[EXERCISE DESCRIPTION]: With pictures removed, output every record below exactly as written.

(RECORDS FOR THE TASK begins)

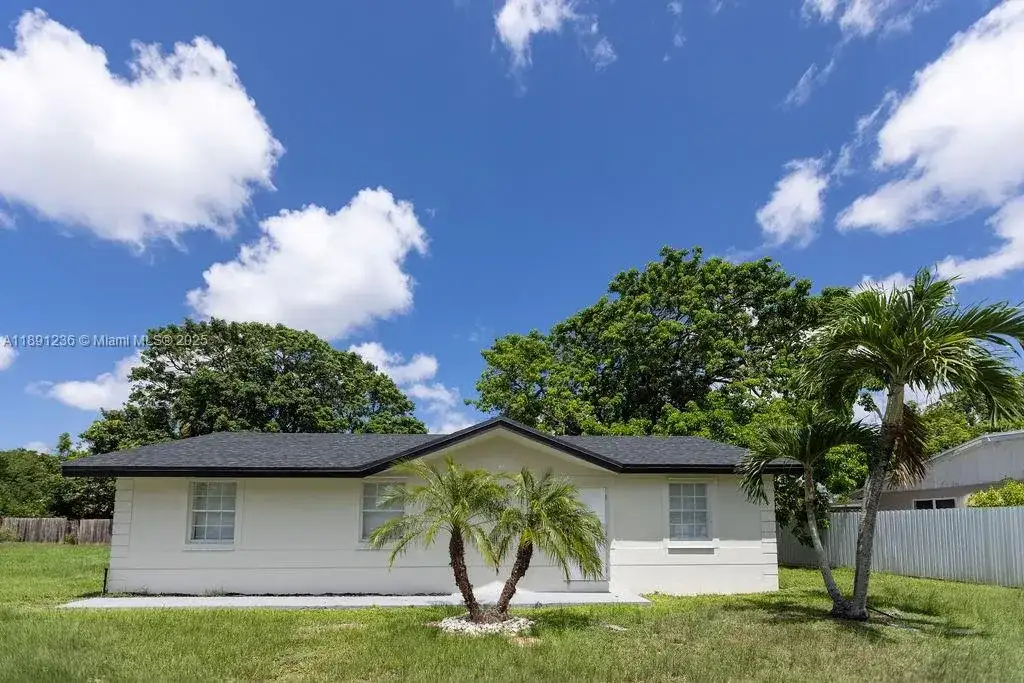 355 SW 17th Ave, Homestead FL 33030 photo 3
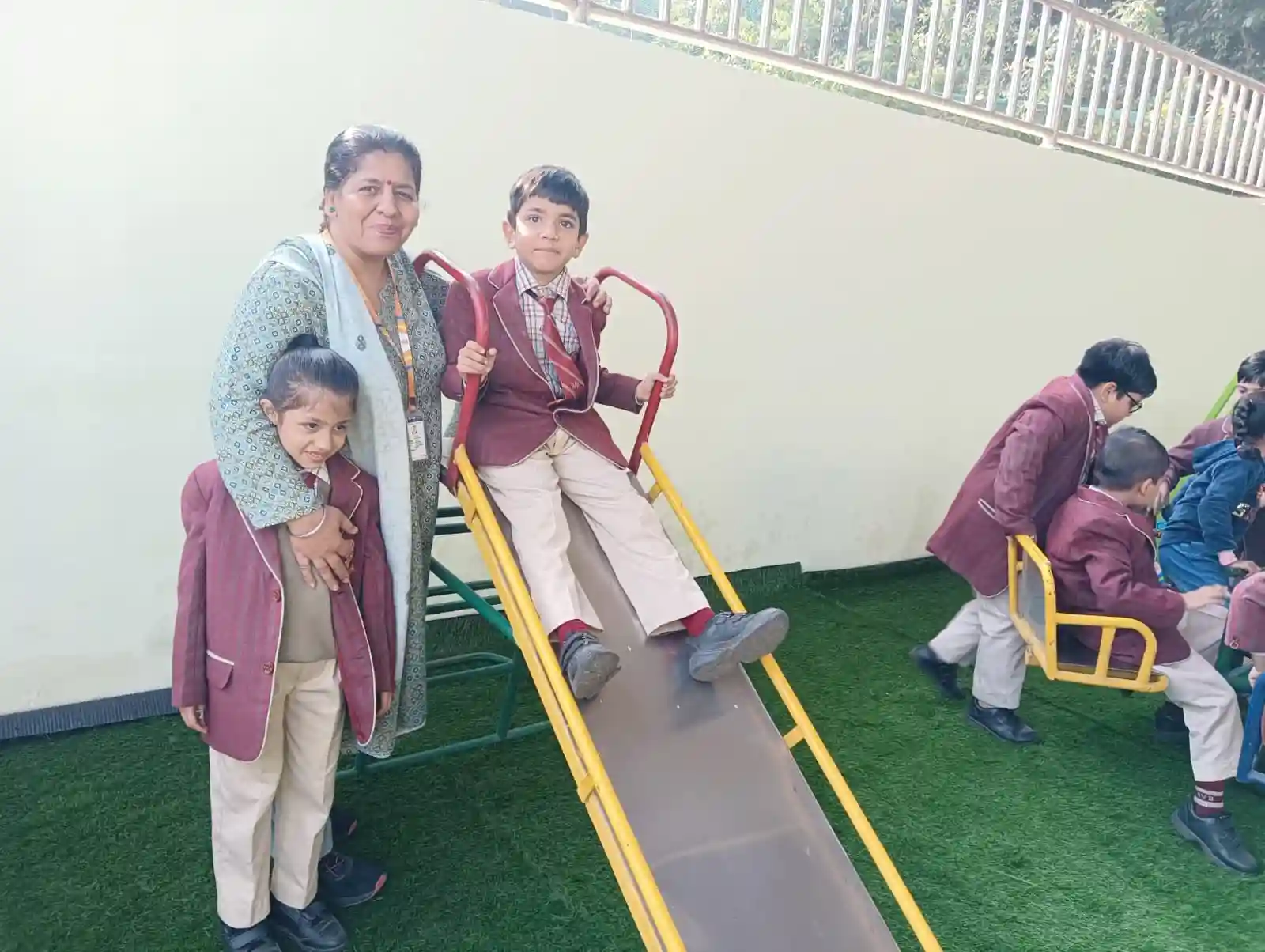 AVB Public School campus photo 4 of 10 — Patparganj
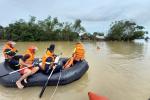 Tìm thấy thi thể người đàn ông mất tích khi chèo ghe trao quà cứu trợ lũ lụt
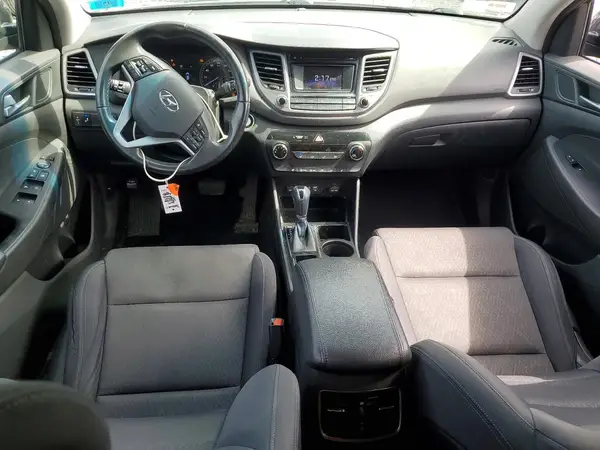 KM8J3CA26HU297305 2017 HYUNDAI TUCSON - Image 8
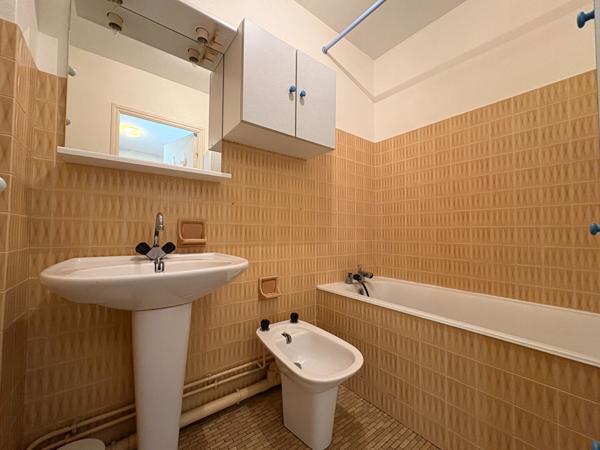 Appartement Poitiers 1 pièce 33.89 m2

(RECORDS FOR THE TASK ends)

[RESPONSE TO THE EXERCISE]:
 355 SW 17th Ave, Homestead FL 33030 photo 3
 AVB Public School campus photo 4 of 10 — Patparganj
 Tìm thấy thi thể người đàn ông mất tích khi chèo ghe trao quà cứu trợ lũ lụt
 KM8J3CA26HU297305 2017 HYUNDAI TUCSON - Image 8
 Appartement Poitiers 1 pièce 33.89 m2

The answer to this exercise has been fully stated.